Autorité française de la concurrence: la stratégie de Meta sur les droits d'auteur menace gravement la presse
L’Autorité française de la concurrence a ordonné à Meta de reprendre les discussions avec les groupes de presse français sur la rémunération des droits d’auteur, estimant que la stratégie du groupe « a causé un préjudice grave et immédiat au secteur de la presse » et affaibli la protection des contenus d’actualité.
Cette décision fait suite aux plaintes de deux organisations représentant les éditeurs de presse français, avec lesquelles Meta n’est pas parvenue à conclure de nouveaux accords : la Société des droits voisins de la presse (DVP), qui gère les droits pour le compte des éditeurs et des agences de presse, et l’Alliance de la presse d’information générale (APIG), un groupement professionnel qui représente environ 300 titres.
Leurs griefs portent sur les droits voisins, une protection liée au droit d’auteur qui confère aux éditeurs et aux agences de presse le droit de réclamer une rémunération lorsque les plateformes en ligne réutilisent ou affichent une partie de leurs contenus.
Ces règles découlent de la directive européenne sur le droit d’auteur de 2019 et sont devenues un instrument central des efforts de la France pour contraindre les grands groupes technologiques américains à négocier avec les éditeurs lorsque des contenus d’actualité apparaissent sur leurs plateformes.
Des entreprises technologiques, dont Meta et Google, ont signé des accords avec des titres de presse français en 2021 et 2022 respectivement, afin de se conformer aux règles sur les droits voisins.
Mais les accords conclus par Meta avec les deux organisations ont expiré en décembre 2024 pour les membres de la DVP et en janvier 2025 pour ceux de l’APIG. Les parties n’ont pas réussi à conclure de nouveaux accords.
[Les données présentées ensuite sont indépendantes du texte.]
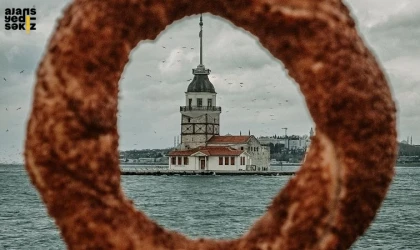 Simit Fiyatına Ticaret Bakanlığı Onayı!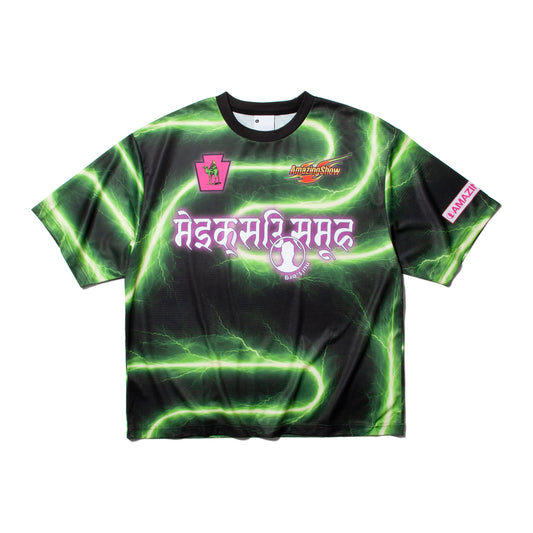 (nu-T114) AS Silk Road Jersey - 預購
En conséquence, les membres de l’APIG et de la DVP ne perçoivent plus de rémunération de la part de Meta pour la réutilisation ou l’affichage de leurs contenus, alors même que leurs articles continuent d’être diffusés sur les services du groupe, selon l’Autorité.
Pourquoi la France oblige Meta à reprendre les négociations
L’Autorité de la concurrence a également enjoint Meta de transmettre, sous quinze jours, les informations nécessaires au calcul des rémunérations. Elle estime que les pratiques du groupe sont susceptibles de constituer « un abus de position dominante ».
Le régulateur a aussi critiqué la décision de Meta d’exclure, par principe, la majorité de ses services, dont Instagram et Threads, du champ des négociations, à l’exception des contenus de presse partagés par les utilisateurs sur Facebook.
Selon lui, une telle approche pourrait affaiblir le dispositif français sur les droits voisins.
Cette affaire intervient alors que les médias estiment que les grandes plateformes tirent profit de la diffusion ou de l’affichage de contenus journalistiques originaux, ce qui se traduit in fine par des revenus publicitaires pour des acteurs comme Meta.
L’Autorité de la concurrence française s’en est déjà prise à Google pour des motifs similaires.
En 2024, elle a infligé à l’entreprise une amende de 250 millions d’euros pour non‑respect de ses engagements liés aux négociations sur les droits voisins, notamment en matière d’obligations de transparence et d’utilisation de contenus de presse pour entraîner des outils d’intelligence artificielle sans en informer correctement les éditeurs.
L’injonction visant Meta constitue une mesure conservatoire : elle ne fixe donc pas le montant définitif que l’entreprise pourrait devoir verser.
Elle contraint en revanche Meta à revenir à la table des négociations, le temps que l’Autorité poursuive l’examen du dossier sur le fond.